━━━ DATA EXCERPTS
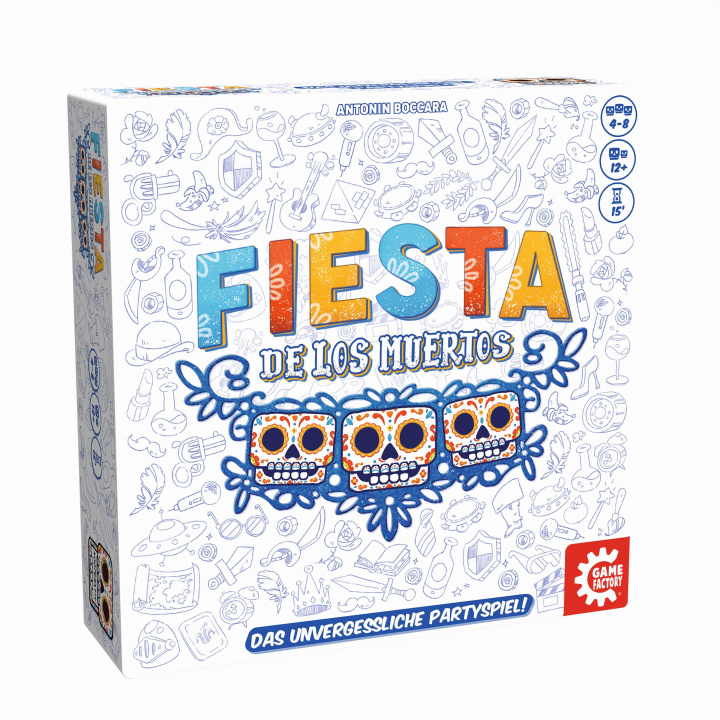 Hra/Hračka Game Factory - Fiesta de los Muertos 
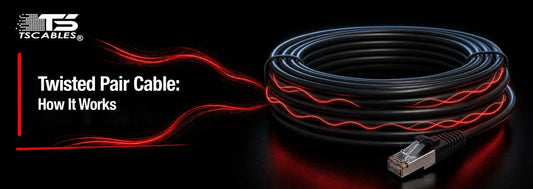 Twisted Pair Cable: How It Works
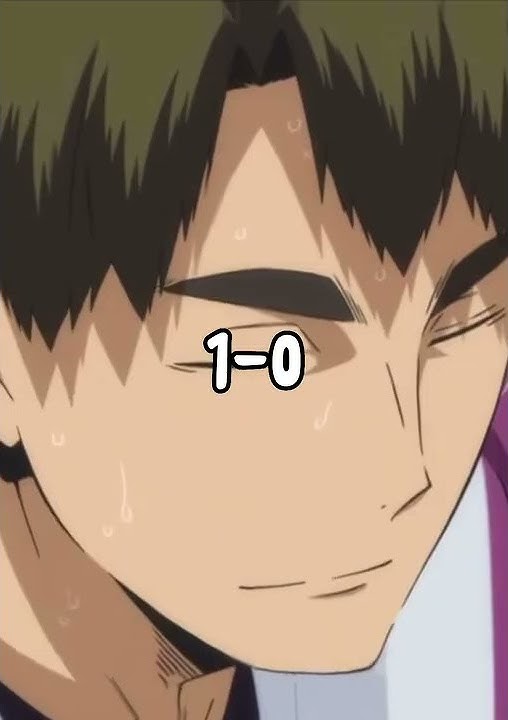 Wakatoshi Ushijima vs. Lev Haiba (Haikyuu!)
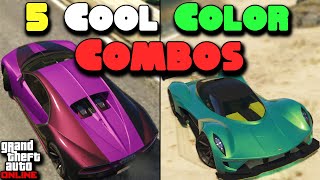 5 COOL COLOR COMBOS Part Four [upl. by Llerdna274]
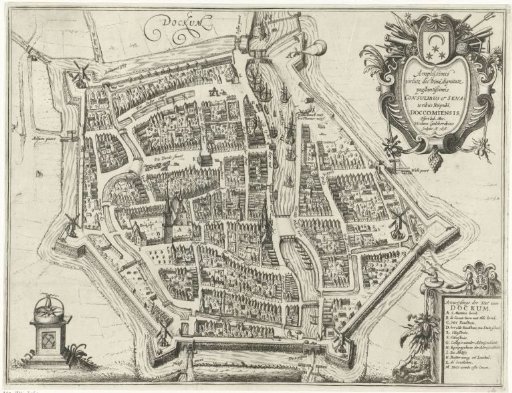 Plan of Dokkum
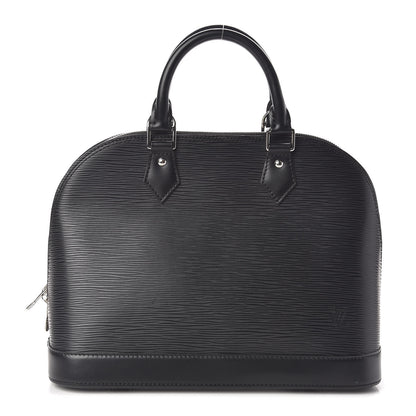 Louis Vuitton Epi Alma PM Black 1 of 11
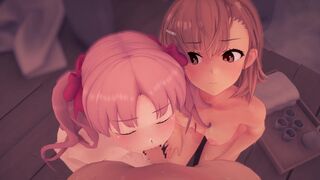 Misaka and Kuroko BJ [Lune]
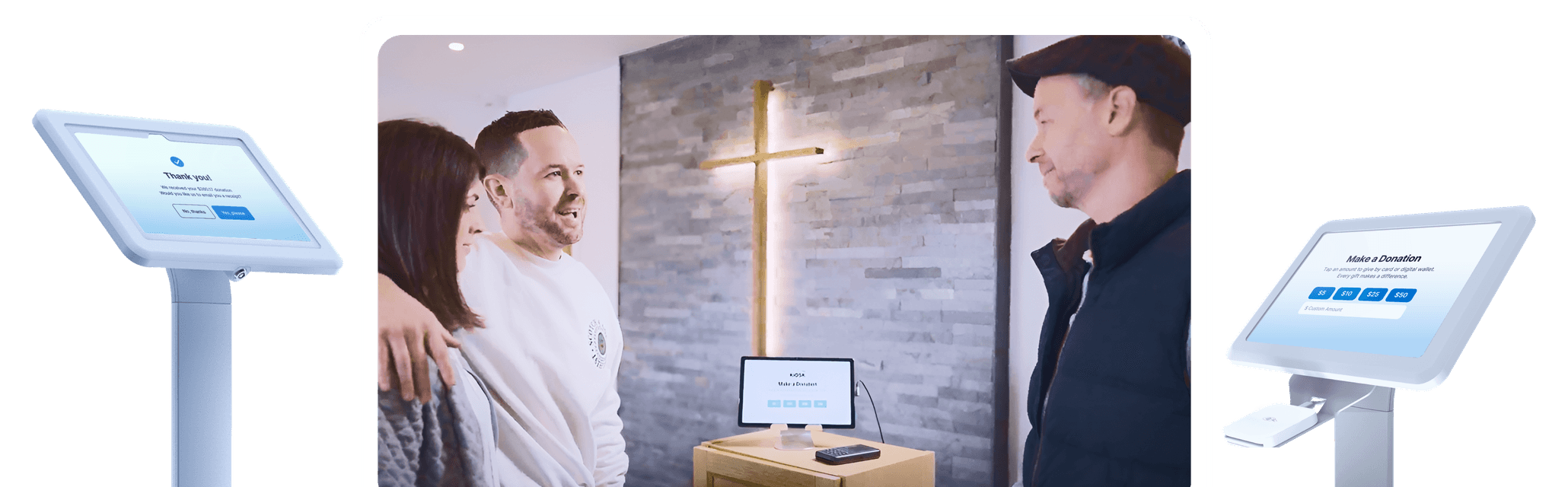 live kiosk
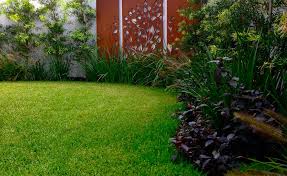 2018 gold award residential landscape design> 150m2. Front Garden Feature Wall Matraville Terraneo Landscape Design Sydney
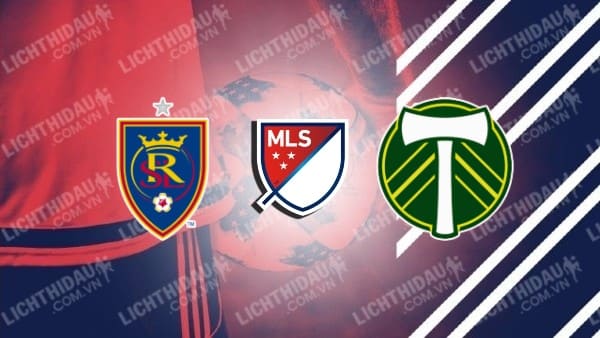 Trực tiếp Real Salt Lake vs Portland Timbers, 08h40 ngày 22/9, vòng 30 MLS 2024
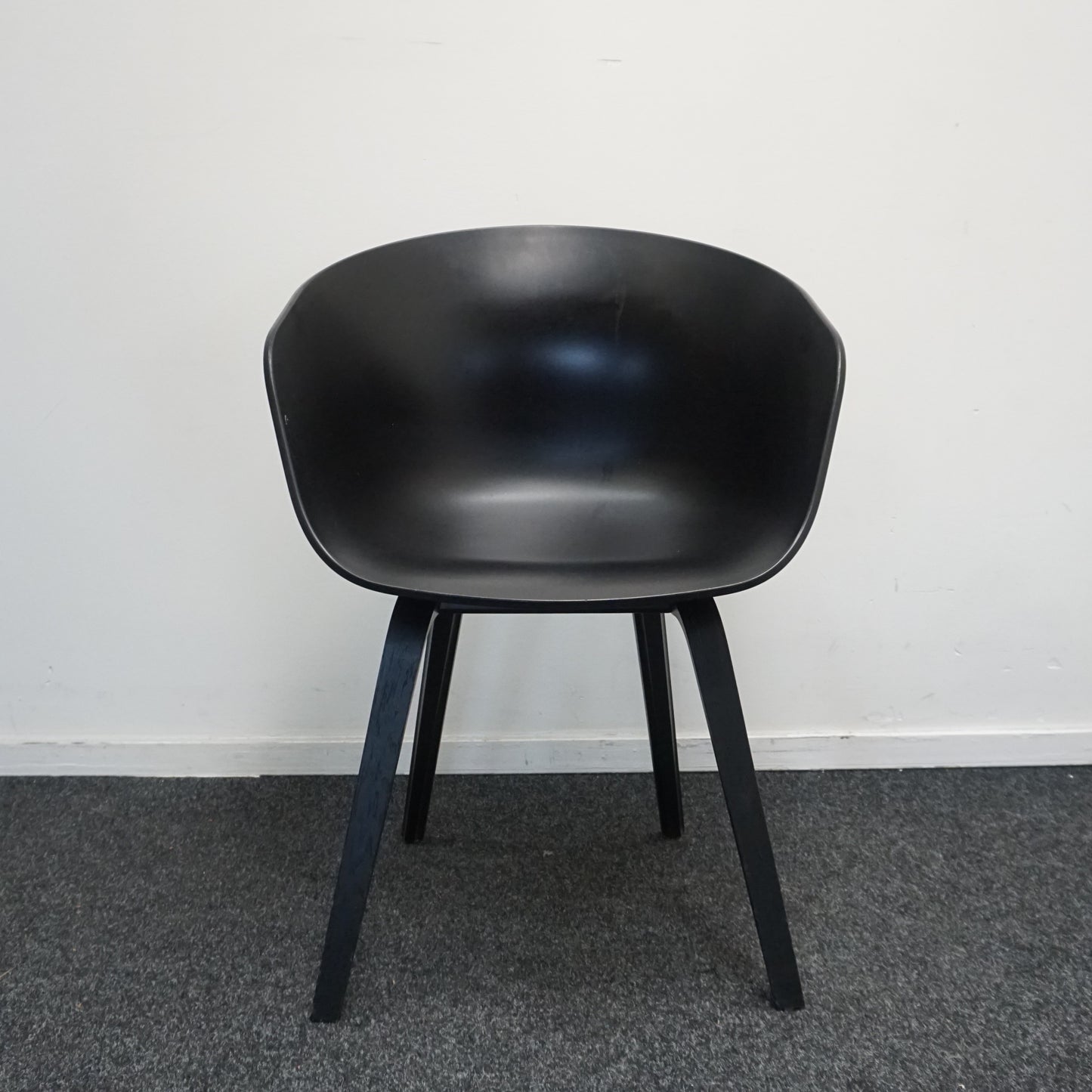 HAY About a Chair AAC22 Design Stoel | Zwart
━━━━━━
* [TASK OBJECTIVE]:
From the records above, transcribe exactly the lines starting at the one containing "Plan of Dokkum" and ending at the one containing "Trực tiếp Real". Skip the pictures.

* [RESPONSE TO THIS EXERCISE]:
 Plan of Dokkum
 Louis Vuitton Epi Alma PM Black 1 of 11
 Misaka and Kuroko BJ [Lune]
 live kiosk
 2018 gold award residential landscape design> 150m2. Front Garden Feature Wall Matraville Terraneo Landscape Design Sydney
 Trực tiếp Real Salt Lake vs Portland Timbers, 08h40 ngày 22/9, vòng 30 MLS 2024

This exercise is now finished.